Companies have already adjusted their budgets through the beginning of summer, slashing spending on new computers and downscaling expansion plans. Now, the sudden downward push in interest rates is catching them midstride.
Dana Corp. is an example of how a cut in interest rates could play out on Main Street. Only last August, the company closed a plant in Marine City, Mich., because it couldn't find enough workers. "The company kind of epitomized the late 1990s, when the economy could do no wrong," says John Challenger of Challenger, Gray & Christmas, a Chicago-based outplacement firm.
Now, Dana, which builds axles, drive shafts, and engine parts, is borrowing money, laying off workers, and shutting inefficient plants. But with over 10 percent of its workforce laid off, it needs help from the Fed so its customers start buying new trucks and cars.

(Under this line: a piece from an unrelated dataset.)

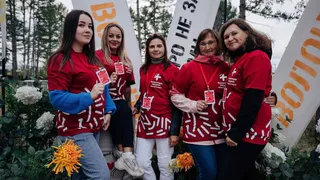 Магнитогорск приглашает всех неравнодушных на Школу волонтера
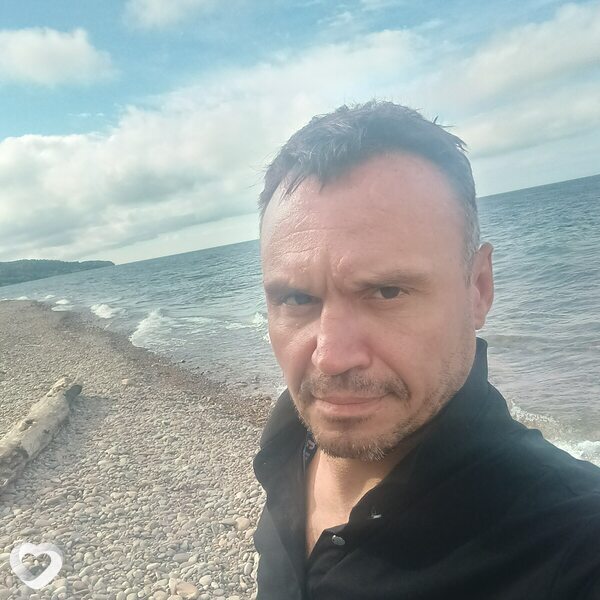 Алексей, 45, Подольске — анкета №2857895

"Lower interest rates have a fantastic trickle-down effect," says Gary Corrigan, a spokesman for the Toledo-based company.
Even the whiff of lower rates can make a difference.

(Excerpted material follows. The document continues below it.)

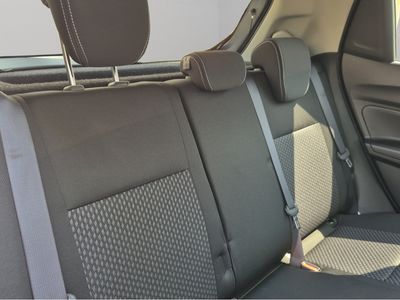 2017 Suzuki Swift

On Thursday, Ford Motor Credit raised $8.2 billion in the bond market. The company had originally planned to borrow $5 billion. However, demand was so strong that the company dramatically increased the size of its bond issue.
One reason for the rush to buy Ford bonds: an expectation that interest rates will drop again, says Fazal Merchant, manager of Ford Credit's North American and European funding. There will be a ripple effect: Ford plans to use the money to make loans to people buying or leasing Ford vehicles.
For some ailing companies, lower rates will help, but not totally change, their situation. Take Lucent Technologies, which plans to lay off 10,000 workers after reporting a loss of $1.7 billion. Last quarter, the firm's interest expense came to only $129 million. "Even if the rates change by 1 [percentage] point, it would be insignificant to the bottom line," says Michael Ching, an analyst at Merrill Lynch & Co.
But that could change. Lucent recently obtained a $4.5 billion line of credit. And last week, Moody's Investors Service downgraded the company's debt. If its rating were to drop below investment grade, Lucent's borrowing costs could swell dramatically.
But Lucent could also benefit, because its customers might see their own businesses improve. "To the extent that lower rates allow companies to improve profitability so they can increase IT budgets, it helps the companies I follow," says Mr. Ching, a wireless analyst. "That will not happen overnight - and there are still questions of whether Lucent has the right product for the customer base." Lucent had no comment.
Even some companies in dire straits, such as California's major utilities, could benefit from lower borrowing rates. Although the utilities can no longer borrow money themselves because their credit ratings are so low, the state of California plans to borrow money to help them. "Lower interest rates could help the economics of the state in helping out the situation," says Brian Youngberg an analyst at Edward Jones, a St. Louis brokerage house.